A reassembly of HGI (release 6.0) allowed us to identify a source of error in our original estimate. HGI 6.0 contains 83,892 THCs constructed from 1,746,022 ESTs and 58,329 gene sequences. The latter number includes human transcripts (NP sequences) parsed from GenBank records plus curated expressed transcript (ET) sequences from the TIGR EGAD database. Of 83,892 THCs, 82,274 THCs contain at least 1 EST. Our analysis of HGI 6.0 indicates that the percentage of genes sampled by ESTs is much higher than the estimate based on HGI 5.0. Of 58,329 NP/ET sequences, 45,767 appear in 12,731 THCs containing ESTs; 5,838 appear in 1,618 THCs containing only NP/ET sequences; and 6,724 remain as singletons. A new detailed analysis of these singletons indicates that most encode immunoglobulin heavy/light chain variable regions. After collapsing immunoglobulin-like genes and other potential gene families and alternative transcripts through high-stringency clustering, the number of unique singleton genes drops to 1,216. This suggests that the gene sequence data represents 15,565 (12,731 + 1,618 + 1,216) unique genes, of which 12,731 (82%) have been sampled by EST sequencing projects. With NTHCs=82,274; R = 1.35; NESTgenes=12,731, Ngenes=15,565 and r = 1 (by definition as we are sampling the entire genome), we estimate the total number of human genes is Ngenome=81,273, a value much lower than our previous estimate.

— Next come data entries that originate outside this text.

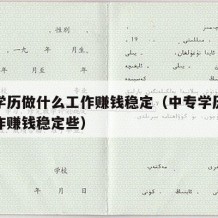 中专学历做什么工作赚钱稳定（中专学历做什么工作赚钱稳定些）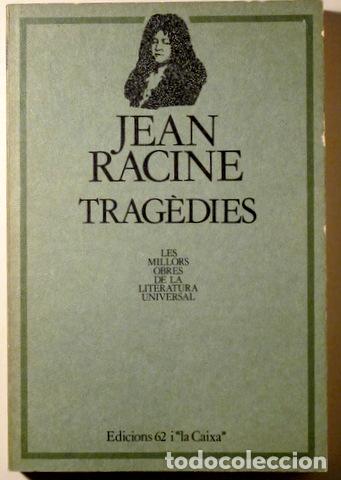 Libros de segunda mano: RACINE, Jean - TRAG&Egrave;DIES - Barcelona 1983 - Foto 1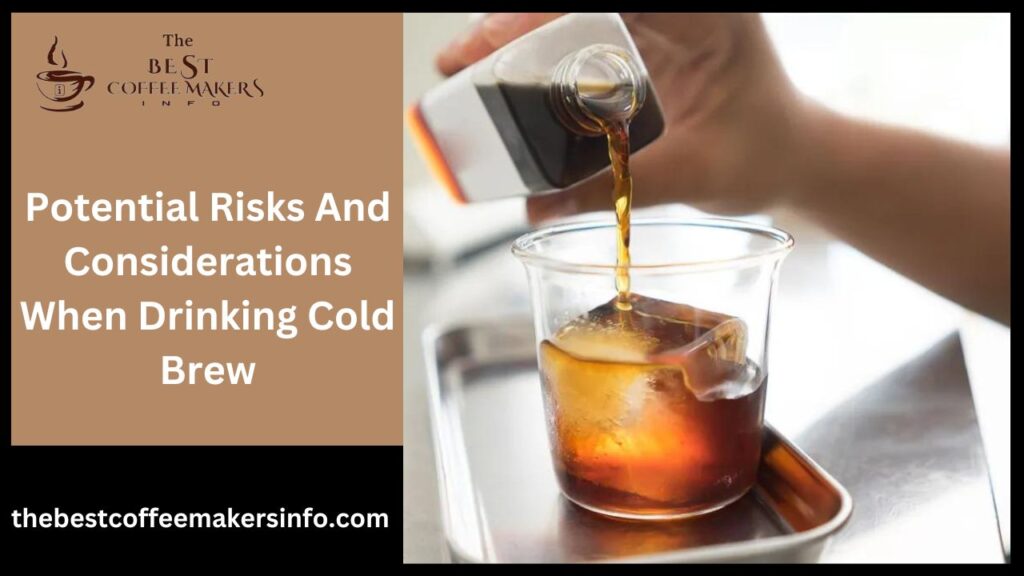 Potential Risks And Considerations When Drinking Cold Brew
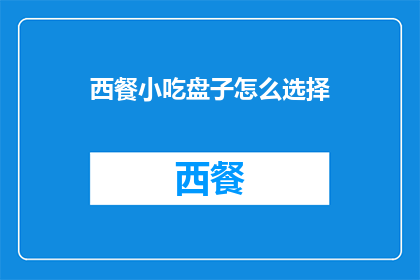 西餐小吃盘子怎么选择(如何选择适合的西餐小吃盘子？)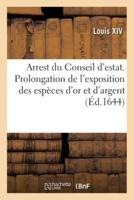 Arrest Du Conseil D'estat, Portant Continuation Et Prolongation De L'exposition Des Espèces D'or
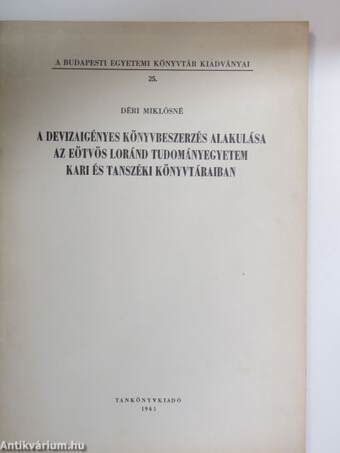 A devizaigényes könyvbeszerzés alakulása az Eötvös Loránd Tudományegyetem Kari és Tanszéki könyvtáraiban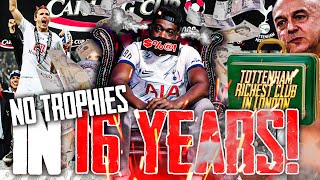 NO TROPHIES IN 16 YEARS FOR SPURS🤬 WE ARE NOW THE RICHEST CLUB IN LDN EXPRESSIONS FUMING 😡 [upl. by Larrabee]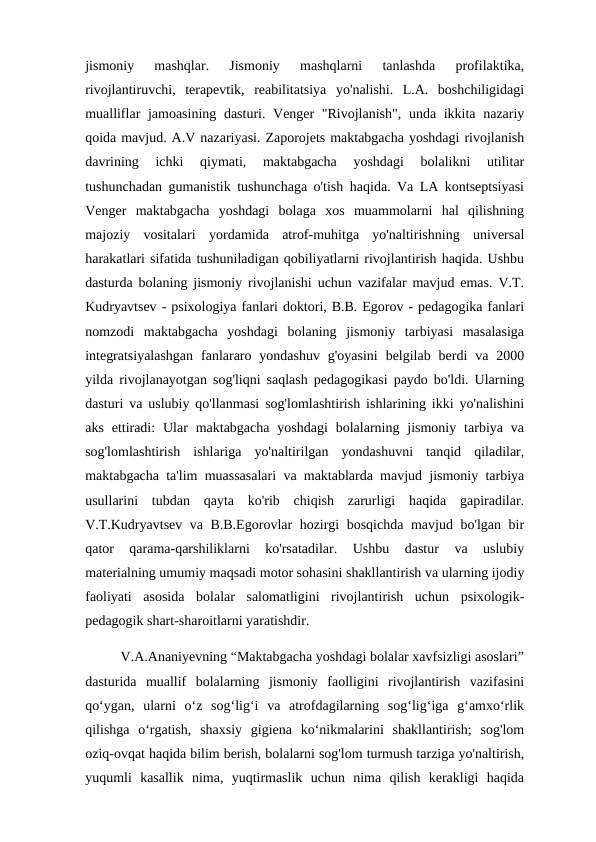 jismoniy  mashqlar.  Jismoniy  mashqlarni  tanlashda  profilaktika,
rivojlantiruvchi,  terapevtik,  reabilitatsiya  yo'nalishi.  L.A.  boshchiligidagi
mualliflar jamoasining dasturi. Venger  "Rivojlanish",  unda ikkita nazariy
qoida mavjud. A.V nazariyasi. Zaporojets maktabgacha yoshdagi rivojlanish
davrining  ichki  qiymati,  maktabgacha  yoshdagi  bolalikni  utilitar
tushunchadan gumanistik tushunchaga o'tish haqida. Va LA kontseptsiyasi
Venger  maktabgacha  yoshdagi  bolaga  xos  muammolarni  hal  qilishning
majoziy  vositalari  yordamida  atrof-muhitga  yo'naltirishning  universal
harakatlari sifatida tushuniladigan qobiliyatlarni rivojlantirish haqida. Ushbu
dasturda bolaning jismoniy rivojlanishi uchun vazifalar mavjud emas. V.T.
Kudryavtsev - psixologiya fanlari doktori, B.B. Egorov - pedagogika fanlari
nomzodi  maktabgacha  yoshdagi  bolaning  jismoniy  tarbiyasi  masalasiga
integratsiyalashgan  fanlararo  yondashuv  g'oyasini  belgilab  berdi  va  2000
yilda rivojlanayotgan sog'liqni saqlash pedagogikasi paydo bo'ldi. Ularning
dasturi va uslubiy qo'llanmasi sog'lomlashtirish ishlarining ikki yo'nalishini
aks  ettiradi:  Ular  maktabgacha  yoshdagi  bolalarning  jismoniy  tarbiya  va
sog'lomlashtirish  ishlariga  yo'naltirilgan  yondashuvni  tanqid  qiladilar,
maktabgacha ta'lim muassasalari va maktablarda mavjud jismoniy tarbiya
usullarini  tubdan  qayta  ko'rib  chiqish  zarurligi  haqida  gapiradilar.
V.T.Kudryavtsev va B.B.Egorovlar hozirgi bosqichda mavjud bo'lgan bir
qator  qarama-qarshiliklarni  ko'rsatadilar.  Ushbu  dastur  va  uslubiy
materialning umumiy maqsadi motor sohasini shakllantirish va ularning ijodiy
faoliyati  asosida  bolalar  salomatligini  rivojlantirish  uchun  psixologik-
pedagogik shart-sharoitlarni yaratishdir.
          V.A.Ananiyevning “Maktabgacha yoshdagi bolalar xavfsizligi asoslari”
dasturida  muallif  bolalarning  jismoniy  faolligini  rivojlantirish  vazifasini
qo‘ygan,  ularni  o‘z  sog‘lig‘i  va  atrofdagilarning  sog‘lig‘iga  g‘amxo‘rlik
qilishga  o‘rgatish,  shaxsiy  gigiena  ko‘nikmalarini  shakllantirish;  sog'lom
oziq-ovqat haqida bilim berish, bolalarni sog'lom turmush tarziga yo'naltirish,
yuqumli  kasallik  nima,  yuqtirmaslik  uchun  nima  qilish  kerakligi  haqida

We also re-estimated the number of genes using a second, independent method. We mapped the THCs from HGI to chromosomes 21 and 22 as follows. First, we masked repeats in the published chromosome 21 and 22 sequence using RepeatMasker (A.F.A. Smit and P. Green, unpublished data; http://repeatmasker.genome.washington.edu) and then we searched HGI against the chromosomal sequence as described previously. THC sequences having ≥95% identity with the chromosomal sequence over >80% of their length were considered positives. A total of 2,232 THCs were mapped to chromosomes 21 and 22 with an average 99.2% identity. To account for possible redundancy in aligning THCs to the chromosome due alternative splicing and mispriming, we 'condensed' THCs that mapped to chromosomal locations within 5,000 bp of each other. This yielded 1,275 distinct THC hits. The total number of annotated genes plus pseudogenes on chromosomes 21 and 22 is 953 (770+183); based on these numbers, the publications describing chromosomes 21 and 22 estimated 40,000 and 45,000 total genes3,6, giving an average extrapolated estimate of 42,500. If one assumes (conservatively) that the relative number of pseudogenes in the EST collection is the same as those predicted for chromosomes 21 and 22, then the revised estimate of the number of human genes should be: (42,500*1,275/953)=56,960. These improved estimates provide a lower bound of 56,960 and an upper bound of 81,273 genes in the human genome.

Mutations in AXIN2 cause colorectal cancer with defective mismatch repair by activating β-catenin/TCF signalling

W Liu et al.

Nature Genet. 26, 146– 147 (2000).

The corrected list of authors is: Wanguo Liu, Xiangyang Dong, Ming Mai, Ratnam S. Seelan, Ken Taniguchi, Kausilia K. Krishnadath, Kevin C. Halling, Julie M. Cunningham, Lisa A. Boardman, Chiping Qian, Eric Christensen, Shauna J. Schmidt, Patrick C. Roche, David I. Smith & Stephen N. Thibodeau

Loss-of-function mutations in the EGF-CFC gene are CFC1 are associated with human left-right laterality defects

R N Bamford et al.

Nature Genet. 26, 365– 369 (2000).

The corrected list of authors is: Richard N. Bamford, Erich Roessler, Rebecca D. Burdine, Umay Saplakoglu, June dela Cruz, Miranda Splitt, Judith A. Goodship, Jeffrey Towbin, Peter Bowers, Giovanni B. Ferrero, Bruno Marino, Alexander F. Schier, Michael M. Shen, Maximilian Muenke & Brett Casey

J.A. Goodship's affiliation: Department of Human Genetics, University of Newcastle upon Tyne, Newcastle upon Tyne, UK. G.B. Ferrero's affiliation: Department of Pediatrics, University of Torino, Torino, Italy.

This work was supported by grants from the British Heart Foundation (to J.A.G.), and the Telethon (E.434) and MURST (9906314313; to G.B.F.).